Driving Schools Culpable

Driving Schools Culpable  Driving Schools Culpable

The Driving Schools Union last month announced an increase in the driving course fee, which previously, it was promised, would stay unchanged.

In Iran it is mandatory for those who want to obtain a driving license to take driving courses at designated schools. The courses consist of 16 hours of theory (that requires passing a written exam) and 24 hours of practice, meaning driving around in the city with an instructor in the passenger seat.

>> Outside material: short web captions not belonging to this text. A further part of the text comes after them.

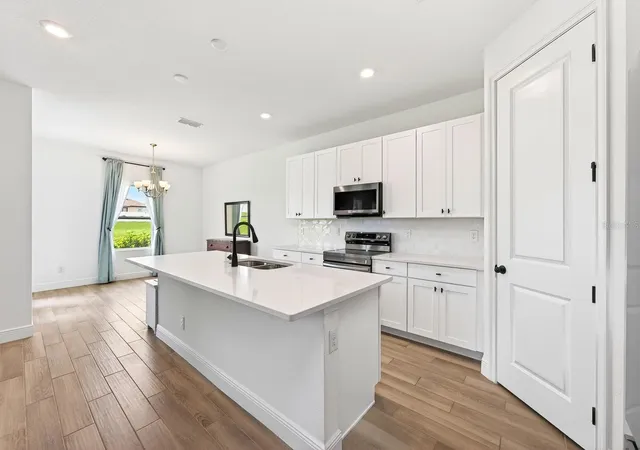 Homes for sale in Deltona, FL | 1369 Sterling Pointe Dr, Deltona, FL 32725 | MLS# O6413106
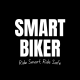 Smart Biker
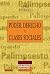 Poder, derecho y clases sociales (Spanish Edition)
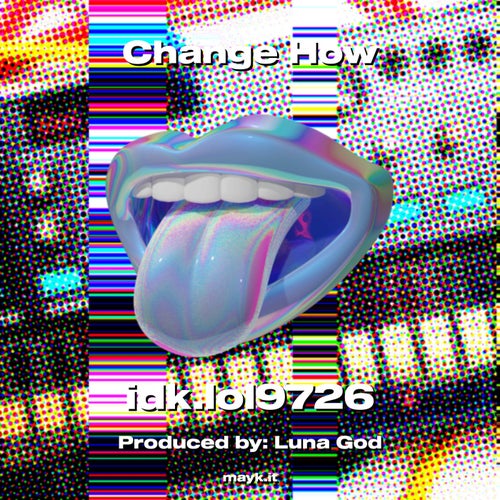 Change How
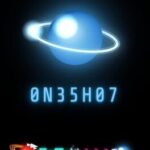 0ne35h07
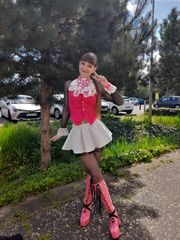 Draculaura preview 3
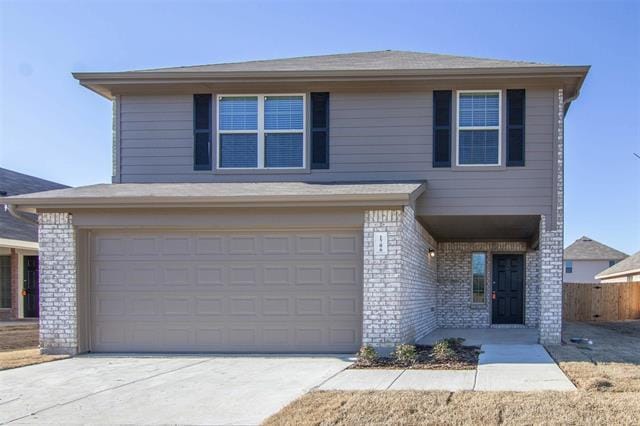 Building Photo - 1706 Dove Cir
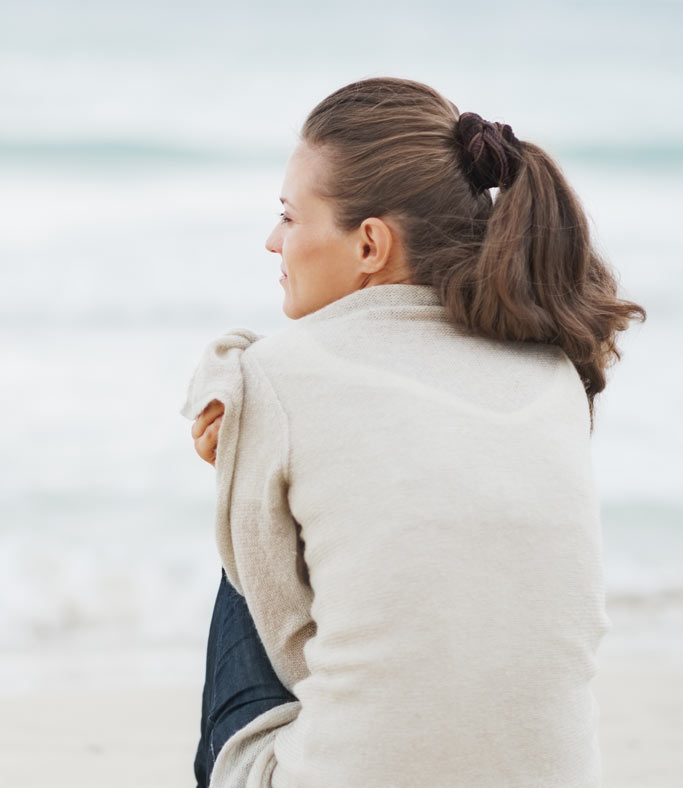 codependency class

Each hour of driving practice is fixed at 180,000 rials ($5) while each hour of the theory class is 43,800 rials ($1.2), up from 150,000 rials ($4.3) and 36,500 rials ($1) respectively, making the driving school business a multimillion-dollar industry in the country, reports an article on

Prior to 2005, attending a driving school to obtain a license was not compulsory. Also, there were fewer cars, and fewer members in each family owning a car.

But as urbanization pushed people into a car-buying frenzy, and the number of private vehicles began surging in the mid-2000, the fortunes of driving schools changed.

According to data released by the Tehran Traffic Police, 1.7 million new driving licenses were issued in 2014 alone. Given that each full course costs somewhere around 6 million rials ($170), a quick calculation will reveal that the annual turnover of the industry is sure to surpass 8,500 billion rials ($250 million). There are 1,474 registered driving schools currently active across the country, each claiming a share of nearly 6 billion rials ($180,000). It is not a far cry to call the schools a gigantic business.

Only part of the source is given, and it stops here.